Bukan Pidato Biasa Gubernur Anies Baswedan

| dilihat 3808

USAI serahterima jabatan Gubernur DKI Jakarta dari Sekretaris Daerah Saifullah (karena bekas Gubernur Djarot tidak datang) di Balaikota DKI Jakarta, Senin (16/10), Anies Baswedan (yang beberapa waktu sebelumnya, bersama Sandiaga Uno dilantik Presiden Jokowi)  memang keren.

Saya menyebut pidato lengkap pertama Anies sebagai Gubernur DKI Jakarta, itu sebagai pidato tangkas. Reaksi pro kontra khalayak seputar penggunaan istilah ‘pribumi’ di masa kolonial yang ilustratif dalam pidato itu, menunjukkan, Anies tak sekadar cerdas. Dia juga bernas dan tangkas menuangkan gagasannya sebagai ekspresi komitmen untuk bagaimana kelak membangun Jakarta.

Kata ‘pribumi’ yang dipergunakan Anies muncul dalam 133.000 cuitan, hingga Selasa (17/10). Ketika petinggi negeri lain menggunakan istilah yang sama dalam pidato dan wawancaranya, tak ada reaksi sebesar itu.

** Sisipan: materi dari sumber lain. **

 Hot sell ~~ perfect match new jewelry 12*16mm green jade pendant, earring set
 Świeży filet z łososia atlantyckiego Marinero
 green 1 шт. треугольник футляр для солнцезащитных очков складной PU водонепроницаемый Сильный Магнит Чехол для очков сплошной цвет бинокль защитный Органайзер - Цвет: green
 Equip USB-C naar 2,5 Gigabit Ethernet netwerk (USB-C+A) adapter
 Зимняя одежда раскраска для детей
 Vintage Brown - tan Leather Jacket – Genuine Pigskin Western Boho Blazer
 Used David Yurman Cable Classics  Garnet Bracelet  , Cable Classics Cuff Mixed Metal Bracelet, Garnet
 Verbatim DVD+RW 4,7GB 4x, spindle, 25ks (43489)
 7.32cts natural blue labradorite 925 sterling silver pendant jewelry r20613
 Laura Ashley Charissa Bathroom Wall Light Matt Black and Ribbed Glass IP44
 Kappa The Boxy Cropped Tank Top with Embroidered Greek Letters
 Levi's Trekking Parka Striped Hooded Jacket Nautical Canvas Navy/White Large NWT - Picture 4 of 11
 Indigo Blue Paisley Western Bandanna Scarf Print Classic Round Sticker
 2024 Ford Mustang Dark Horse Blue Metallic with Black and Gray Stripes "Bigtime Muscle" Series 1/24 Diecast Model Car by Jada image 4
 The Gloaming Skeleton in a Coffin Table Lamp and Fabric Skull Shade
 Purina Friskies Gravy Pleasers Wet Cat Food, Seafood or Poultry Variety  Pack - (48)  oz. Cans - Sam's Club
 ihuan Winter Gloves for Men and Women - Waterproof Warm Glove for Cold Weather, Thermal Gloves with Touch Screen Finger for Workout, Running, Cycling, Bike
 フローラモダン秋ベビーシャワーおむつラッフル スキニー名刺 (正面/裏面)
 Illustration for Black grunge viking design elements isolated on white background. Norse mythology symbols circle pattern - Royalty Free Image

Sejumlah orang di seluruh strata, bereaksi dan mengomentari satu istilah itu. Boleh diduga, ada juga kelompok khalayak yang ‘memanfaatkan’-nya untuk tujuan politik.

Reaksi spontan sebagian terbesar khalayak mengisyaratkan, memang ada persoalan dikotomis yang tajam, akibat kesenjangan yang lebar di negeri ini.

Reaksi itu, tentu menjadi modal penting bagi Anies – Sandi, dan siapapun pemimpin di negeri ini – yang sungguh berpihak kepada rakyat, dalam melakukan proses policy design, yang bermuara kepada terwujudnya keadilan sosial bagi seluruh rakyat Indonesia.

Reaksi itu juga menegaskan – sekaligus memandu – kita memahami, memang ada kalangan yang berencana menghadang kepemimpinan Anies – Sandi sebagai Gubernur DKI Jakarta.

Dengan menggunakan tradisi akademik yang menyertai kehidupannya sejak kecil, reaksi sebagian terbesar khalayak, itu dapat memudahkan Anies – Sandi melakukan pemetaaan persoalan yang dihadapi Jakarta. Termasuk pemetaan jalan untuk memenuhi janji kampanyenya.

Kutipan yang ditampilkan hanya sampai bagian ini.